Traquandi, peraltro imparentato con il celebre antifascista di “Giustizia e Libertà” Nello Traquandi, combattente e compagno dei fratelli Carlo e Nello Rosselli e di Ernesto Rossi, ricorda come Mario Bergamo amasse molto la Francia e il suo popolo e come egli teorizzasse la costituzione di una repubblica franco-italiana, unita dal comune denominatore del laicismo integrale e da una visione profondamente sociale.
L’Ideale Nazionalcomunista e Nazionalbolscevico, può essere per molti versi contiguo e finanche aver ispirato il Peronismo argentino, il Sandinismo del Nicaragua, il Socialismo arabo, jugoslavo, panafricano e quello cubano. Un ideale repubblicano e laico, che mette al primo posto l’autogestione e l’autogoverno dei lavoratori e dei cittadini.

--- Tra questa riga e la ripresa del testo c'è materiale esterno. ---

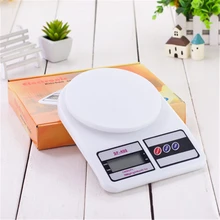 

HOT SF400 Kitchen Scales Digital Balanca Food Scale High Precision Kitchen Electronic Scale 5kg 1g English button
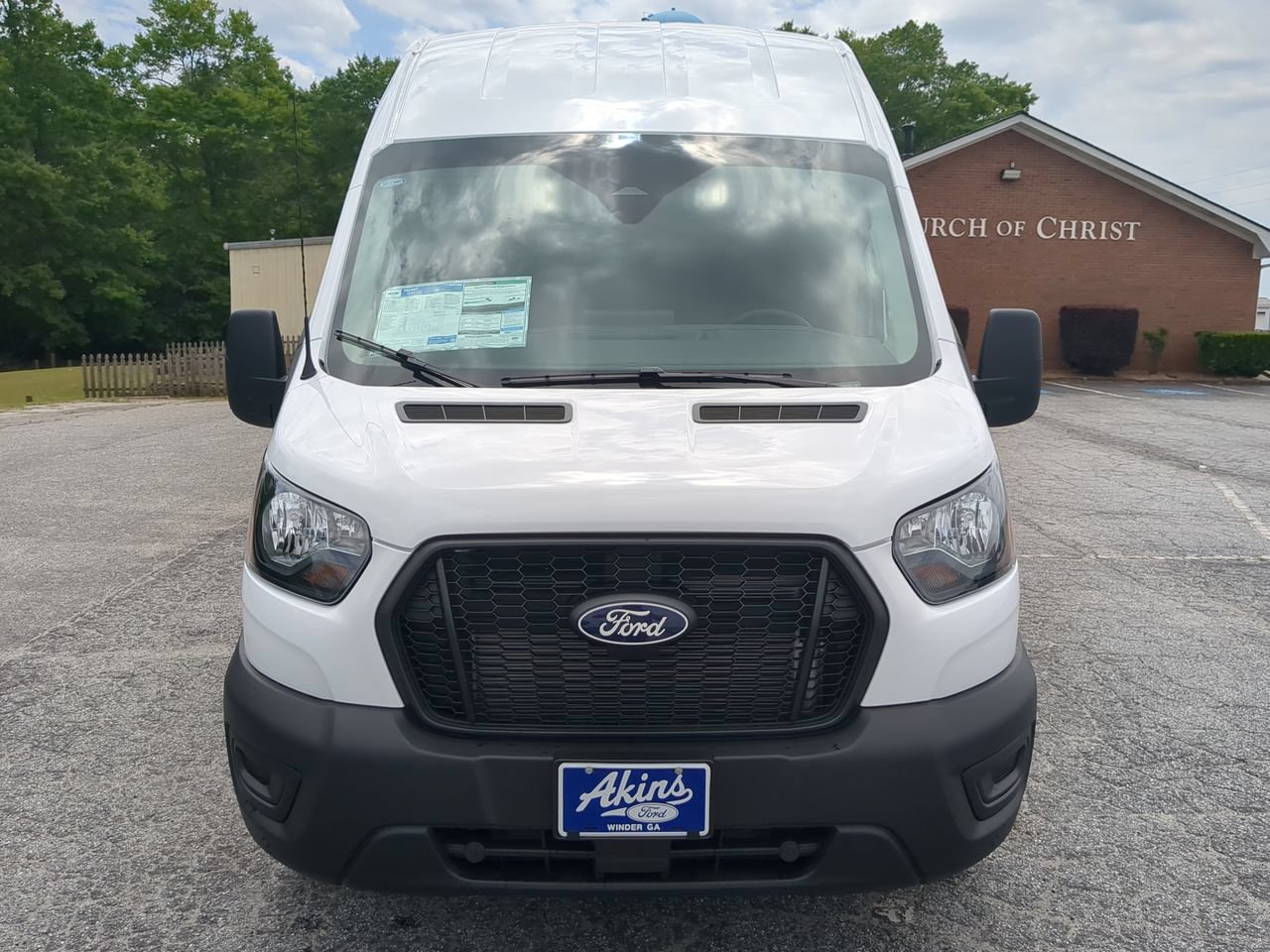 New 2026 Ford Transit 250 148 High Roof Extended RWD image 7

Decenni dopo la morte di Mario Bergamo e quella di Niekisch, in Russia – negli Anni ’90 – lo scrittore Eduard Limonov, il chitarrista Egor Letov ed il filosofo Aleksandr Dugin fonderanno il Partito NazionalBolscevico, propugnatore del ritorno del socialismo in Russia e oppositore del totalitarismo liberal-capitalista di Eltsin e Putin. E, per queste ragioni, il partito sarà messo fuorilegge nel 2007 dalla Corte Suprema russa e successivamente rifondato, con la denominazione “Altra Russia”, guidato dal solo Limonov e ancor oggi perseguitato.
Mario Bergamo, benché dimenticato dai più, ci aiuta a mantenere viva la fiammella dell’ideale mazziniano e garibaldino originario, fatto di fratellanza universale senza distinzioni, superamento dei totalitarismi, visione sociale e alternativa al capitalismo, che tutto mette in vendita.

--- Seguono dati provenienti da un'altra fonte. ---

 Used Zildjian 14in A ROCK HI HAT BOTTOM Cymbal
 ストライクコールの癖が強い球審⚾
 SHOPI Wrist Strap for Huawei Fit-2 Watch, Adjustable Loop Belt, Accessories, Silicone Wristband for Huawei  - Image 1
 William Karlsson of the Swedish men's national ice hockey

Tale visione tentò ad ogni modo di portarla avanti, in Italia, il fratello di Mario Bergamo, Guido (1893 – 1953), da dissidente del PRI, il quale riteneva la lotta di classe indispensabile per l’emancipazione delle classi lavoratrici.
Come ricorda lo storico Silvio Berardi negli Annali della Fondazione Ugo Spirito, nel gennaio 1948, infatti, Guido Bergamo costituì a Venezia, assieme a Rino Ronfini, il Partito Repubblicano Italiano Sociale (PRIS), fondando come organo giornalistico “La Riscossa”, di Treviso. Ed egli stesso si candidò, non a caso, nella coalizione del Fronte Democratico Popolare, che aveva per effige Giuseppe Garibaldi e, oltre a social-comunisti, raccoglieva anche repubblicani sociali.